Mind you, this is the new six-part drama from Jimmy McGovern, so what do you expect? McGovern is like the Ken Loach of the small screen. Not for him the high-end, flashy drama set in glass-and-chrome penthouse apartments overlooking Paris or New York. You’d be more likely to get Arthur Ransome writing about crack dealers in The Bronx.

Christina Fitzsimmons (Anna Friel) is more skint than most. A single mum with three kids to support, and earning a scrap over the minimum wage, just getting through the week in the black is a Herculean task. Her life is a constant struggle, almost impossibly hard. And it’s about to get a whole lot worse.

But it’s okay. Here’s good old Father Kerrigan. He’ll cheer us up a bit, with his unshakeable belief and his faith in human nature. Only that would be the same Father Kerrigan who regularly undergoes flashbacks to a brutal and traumatic childhood. The same Father Kerrigan who has a deeply complicated relationship with his mother. A mother who just happens to be dying.

Jeepers, Jimmy! Chuck in a bit of light with all the shade, why don’t you? We’re not expecting the Chuckle Brothers to pop up on the next street corner, but maybe just show someone smiling every now and again!

Mind you, we don’t come to Jimmy McGovern for knockabout fun. We come for serious, thought-provoking, eye-opening and sobering drama, told in a gripping, gritty and realistic manner. And we’ve got that here all right. It might be light on giggles, but this is characteristically punchy stuff. It offers a vivid illustration of how people can fall through the cracks of society, and how bureaucracy, recession, and a couple of bad decisions can ruin lives.

Bean is excellent (when is he ever not) and Friel’s performance is riveting. But this is McGovern’s show, filled not just with his frustration and rage, but his humanity and his nose for seriously compelling drama.

The best… and the rest

Sunday 21st May

Flat Pack Mansions, 7pm, Channel 4: Documentary covering the growing phenomenon of people building huge, luxury homes from prefabricated, flat-pack kits. Blenheim Palace this ain’t.

Cabins in the Wild with Dick Strawbridge 1/4, 8pm, Channel 4: TV’s most impressive moustache travels to Wales to see eight teams transform cabins into spectacular, luxury tourist accommodation.

Inspector George Gently 1/2, 8pm, ITV: Martin Shaw takes the trusty inspector out of the box for two final cases, concentrating tonight on correcting a miscarriage of justice.

Monday 22nd May

RHS Chelsea Flower Show, BBC One and Two, throughout the week: At the time of writing, the exact transmission details are to be determined.

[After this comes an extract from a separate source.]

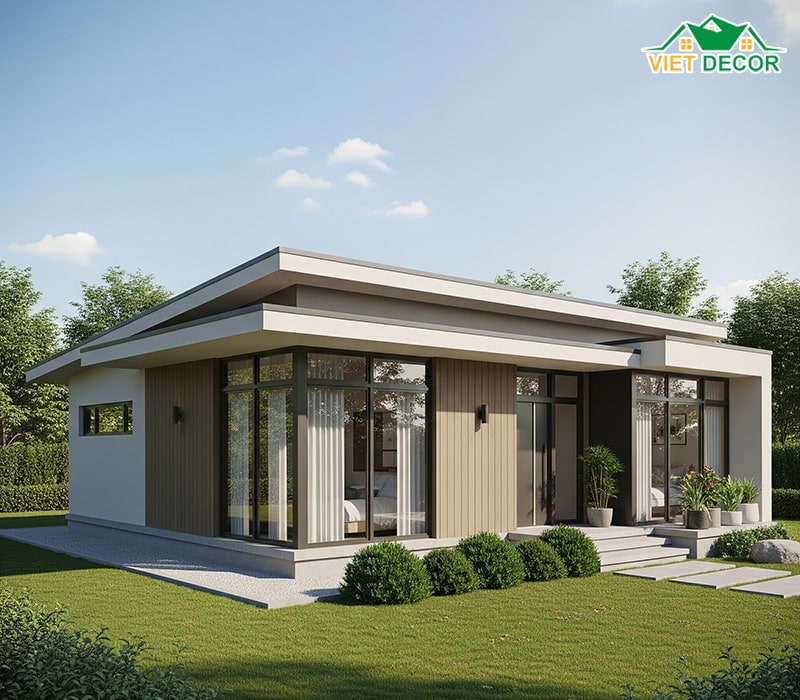 Mẫu nhà cấp 4 2 phòng ngủ 70m2 mái bằng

Suffice to say, there will be a lot of it. If agapanthus, fritillaries and herbaceous borders are your thing, get in a good supply of non-perishable foods and plump up the cushions.

The Andrew Neil Interviews 1/6, 7pm, BBC One: Did you hear? Apparently there’s an election on. The veteran journalist’s new series will see him interview the party leaders in Britain, starting tonight with the leader of a little-known outfit called the Conservative Party.

The Fifteen Billion Pound Railway 1/2, 9pm, BBC Two: Another documentary about Crossrail.

Prince Philip: 70 Years of Service, 9pm, ITV: The recent announcement by the Palace that the D of E is to step down from public duties sees ITV racing out of the gates with Alan Titchmarsh’s tribute to the great man. Not many of us, after all, expect to work up until our mid-90s.

Tuesday 23rd May

Secrets of Our Favourite Snacks, 8pm, Channel 4: We’re told never to meet our heroes, lest they disappoint us. I would advise not watching a programme that promises to tell us what goes into our favourite snacks. Ignorance is bliss – and so is a nicely salted crisp.

Horizon, 9pm, BBC Two: Looking at volcanoes on other planets.

Wednesday 24th May

The Met: Policing London, 9pm, BBC One: Hurrah. The 6000th police documentary series of the millennium is upon us.

White Gold, 10pm, BBC Two: New comedy series set in a double-glazing showroom in 1980s Essex.

Thursday 24th May

Paula 1/3, 9pm, BBC Two: New thriller about a teacher (Denise Gough) whose messy life gets a whole lot messier thanks to a one-night-stand and a missing boyfriend.